Harvie continued: “The budget process as we have it at the moment is not what it should be. We have a down-to-the-wire approach from the Scottish Government, and we have a refusal to engage from most of the other political parties. The Conservatives want a proposal that no other party will support. Labour produce an uncosted wish-list, and no meaningful ideas about how to fund it. Just because the budget is published in December doesn’t mean this process is about writing letters to Santa.”   

Meanwhile, Scottish Liberal Democrat leader Willie Rennie refused to apologise for making the ruling out of a second independence referendum central to the Liberal Democrats’ willingness to negotiate the budget.

“It’s not some distant threat many years hence. The First Minister is already ramping up the rhetoric in her usual obsession.”

“We will not support a Scottish Government that will use this budget as a stepping stone to independence.” Scottish Lib Dem leader Willie Rennie

“We will not support a Scottish Government that will use this budget as a stepping stone to independence, and the economic damage that would certainly bring.”

Beyond the parliament’s walls, today’s budget drama was preceding by a demonstration outside Holyrood – unattended by any MSPs – by the Scottish Unemployed Workers Network, who have been lobbying for the budget to include more money for the mitigation of UK Government welfare cuts, and whose concerns went largely unaddressed in the ensuing debate.

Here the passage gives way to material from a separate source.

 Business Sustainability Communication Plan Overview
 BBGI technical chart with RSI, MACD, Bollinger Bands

A statement from the SUWN said: “We have always been very clear that the cuts are the product of Westminster austerity, and we have acknowledged the significant help the Scottish Government already gives – but that doesn’t mean that they should not help further. If they abandon the poorest members of our society to destitution, they have no right to our respect.

“We are far from alone in our call for further help. A coalition of third sector organisations has been campaigning hard for an increase in child benefit as the best way to reduce further child poverty. The Scottish Government’s own Social Security Committee recommended an increase in the Scottish Welfare fund as Universal Credit piles on the pressure, and desperate homeless families have demanded that the funding for Discretionary Housing Payments is increased to make up for the financial devastation brought on by the Benefit Cap.

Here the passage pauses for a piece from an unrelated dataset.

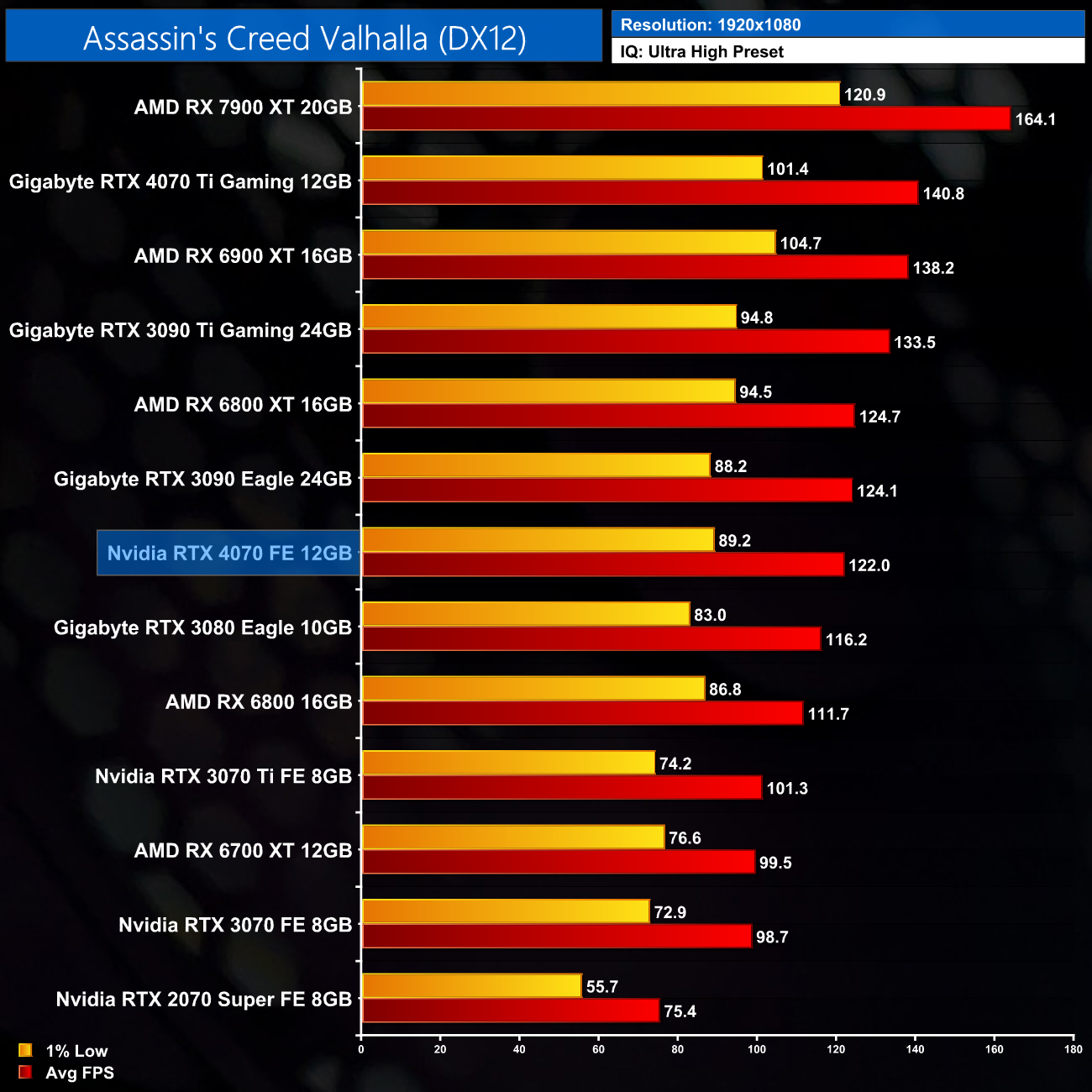 Nvidia GeForce RTX 4070 review: Highly efficient 1440p gaming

“Every time we raise these issues we are met with knee-jerk responses defending the SNP and suggesting that because the cuts originate in Westminster it is not the Scottish Government’s job to take action. Last time we even had someone tell us that we shouldn’t demand more off their 48,000 a year salary. If anyone – including MSPs – is tempted to make such arguments, perhaps they should first imagine themselves saying this to one of the 465 Scottish households a day who are only kept afloat thanks to a Trussel Trust food parcel.”